# 25rss Bunk Shelf



## fixjet (Jan 19, 2004)

I added a shelf on the lower bunk behind the netting to better use this space. Before it went way down below the bunk and things were not very accessible.

Pic 1

Pic 2


----------



## HootBob (Apr 26, 2004)

Nice thinking Dan
Looks good









Don


----------



## chifrench (Feb 28, 2006)

fixjet said:


> I added a shelf on the lower bunk behind the netting to better use this space. Before it went way down below the bunk and things were not very accessible.
> 
> Pic 1
> 
> ...


Has anyone tried to extend the bottom bunk bed on a 25RSS to the wall for more sleeping space? We saw this mod and thought it would be nice to have a few more inches to spread out but didn't know if this would support the weight and if it is safe to remove the middle piece of wood?
Any suggestions?


----------



## h2oman (Nov 17, 2005)

That's pretty slick Dan. Good thinking.


----------



## chifrench (Feb 28, 2006)

Extending Bunk Bed On 25RSS,

Has anyone tried to extend the bottom bunk bed on a 25RSS to the wall for more sleeping space? We saw this mod from Dan/FIXJET and thought it would be nice to have a few more inches to spread out but didn't know if this would support the weight and if it is safe to remove the middle piece of wood?
Any suggestions?


----------



## Oregon_Camper (Sep 13, 2004)

Nice work! I'm guessing that doesn't interfer with the beds when they are in the up position (when you have stuff stored in the front area).

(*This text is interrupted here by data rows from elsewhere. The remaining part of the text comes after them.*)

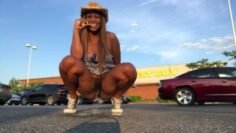 Peeing at crowded Best Buy parking lot.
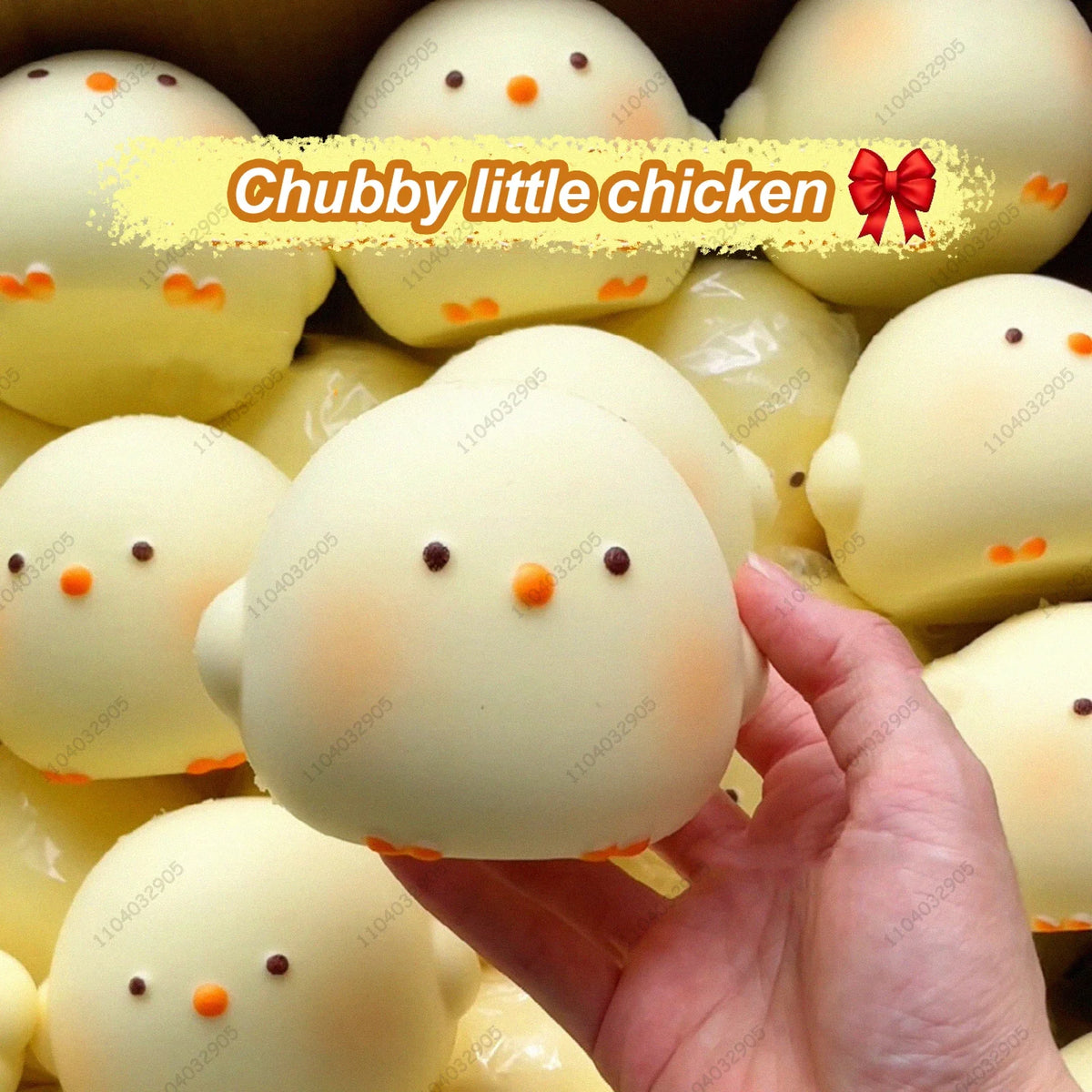 A hand holds a white chubby little chicken squishy toy surrounded by other similar toys.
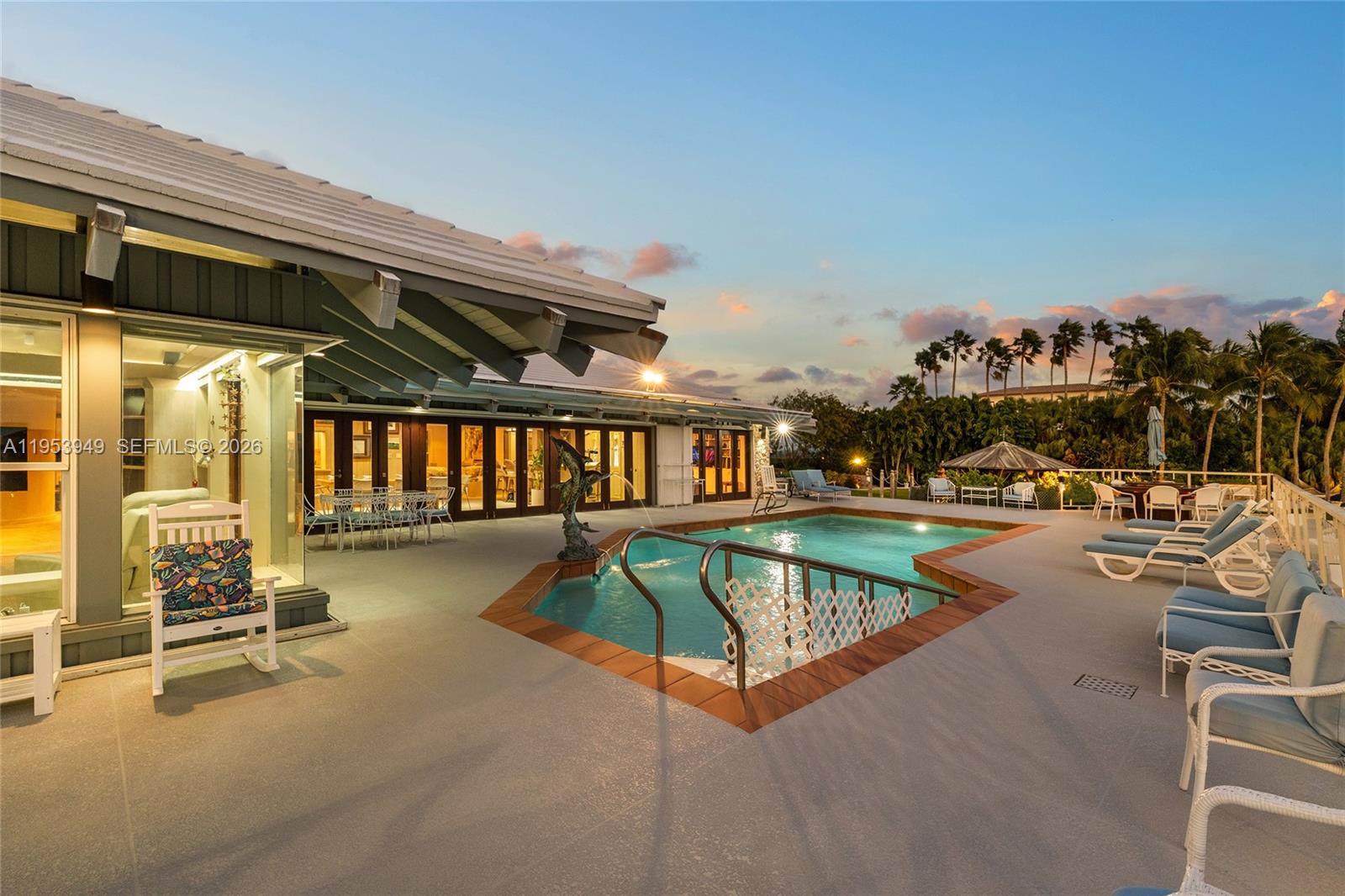 720 Lugo Avenue Coral Gables, FL 33156 - Photo 12 of 71 a view of a swimming pool with a lounge chair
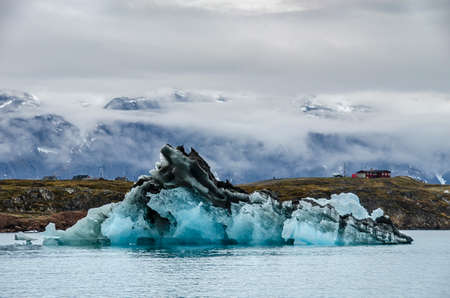 Black iceberg with typical greenland houses and mountains behind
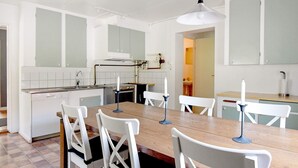 Une cuisine moderne avec des meubles blancs, une table à manger en bois et des chaises blanches.
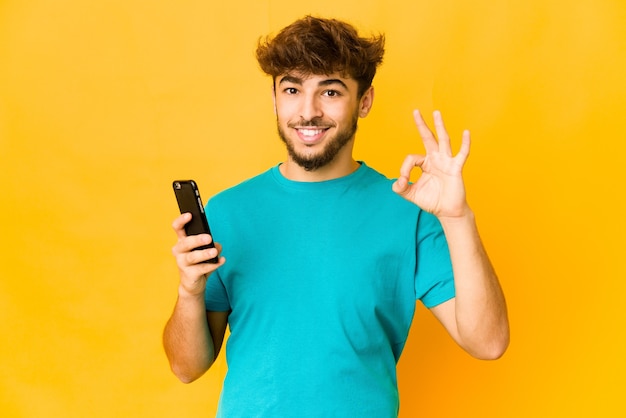 Jeune homme indien tenant un téléphone joyeux et confiant montrant un geste correct.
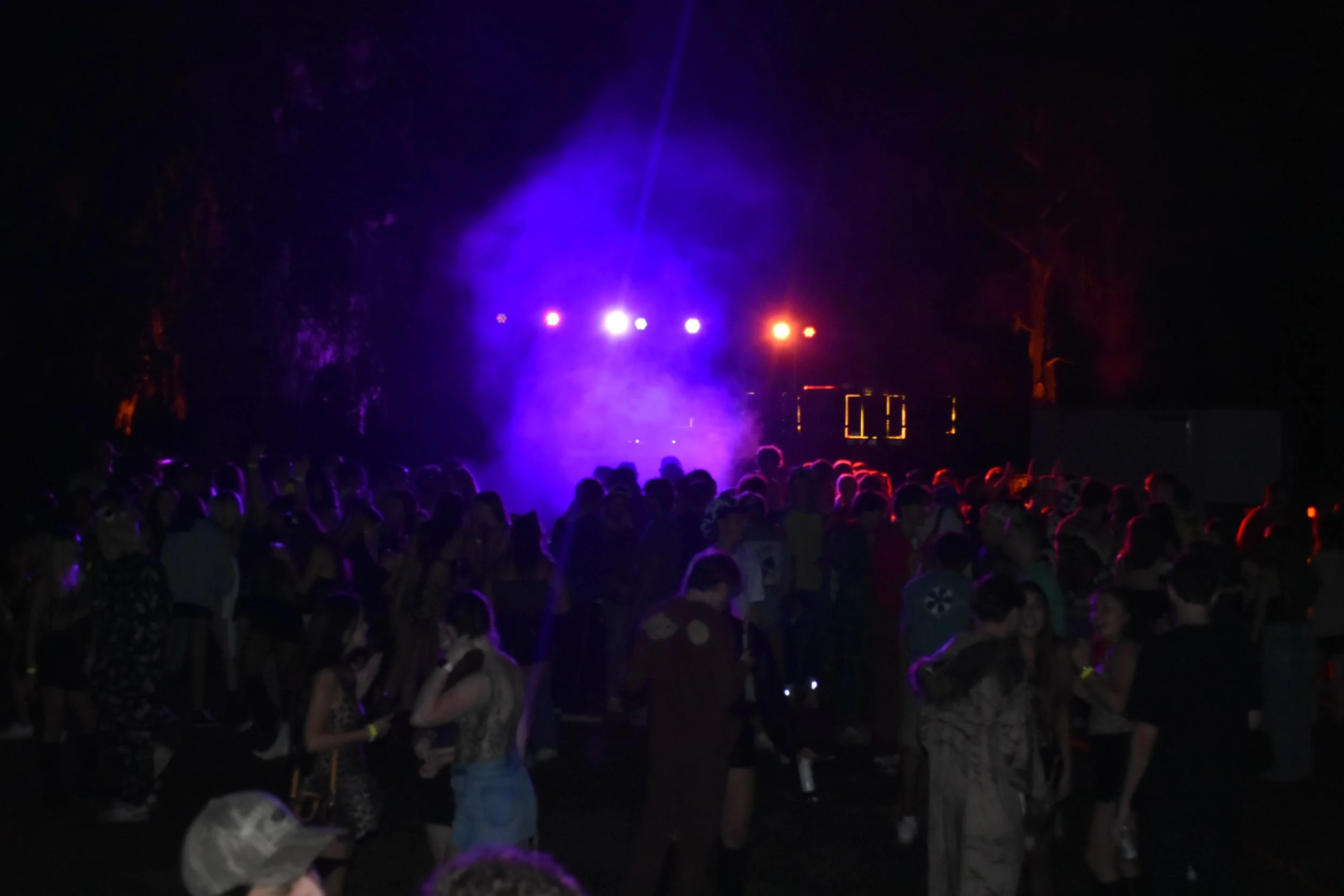 A crowd of people at a nighttime outdoor party with colorful stage lights and fog.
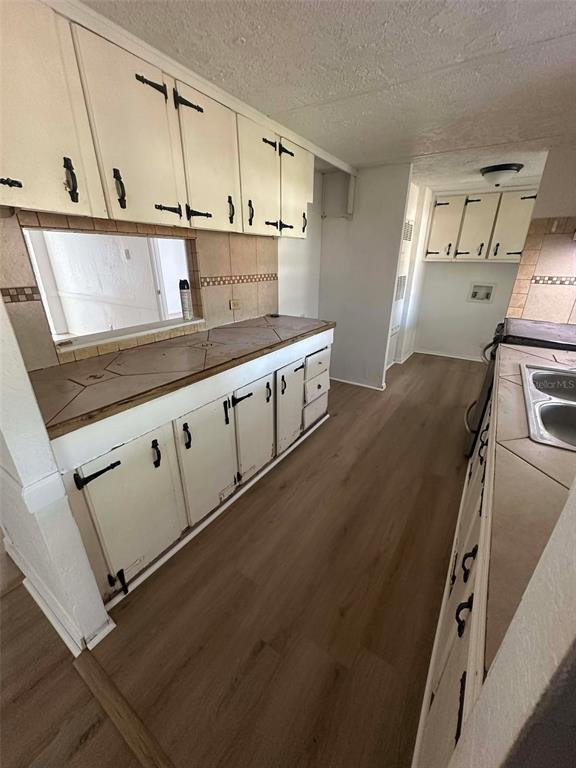 6445 Southeast 173 Lane Summerfield, FL 34491 - Photo 33 of 42 a kitchen with granite countertop a sink a stove and cabinets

I haven't seen that model in a while, so I might be off base.


----------



## MC56 (Jun 21, 2006)

HootBob said:


> Nice thinking Dan
> Looks good
> 
> 
> ...


My 2006 25RSS has the large entrance door so you can raise the bottom bunk and store you bikes, the bottom bunk is all the way across the space, it is several inches wider than the top bunk. action


----------



## Alaskan OutBackers (Apr 2, 2005)

Good idea


----------



## Thor (Apr 7, 2004)

Awesome









Thor


----------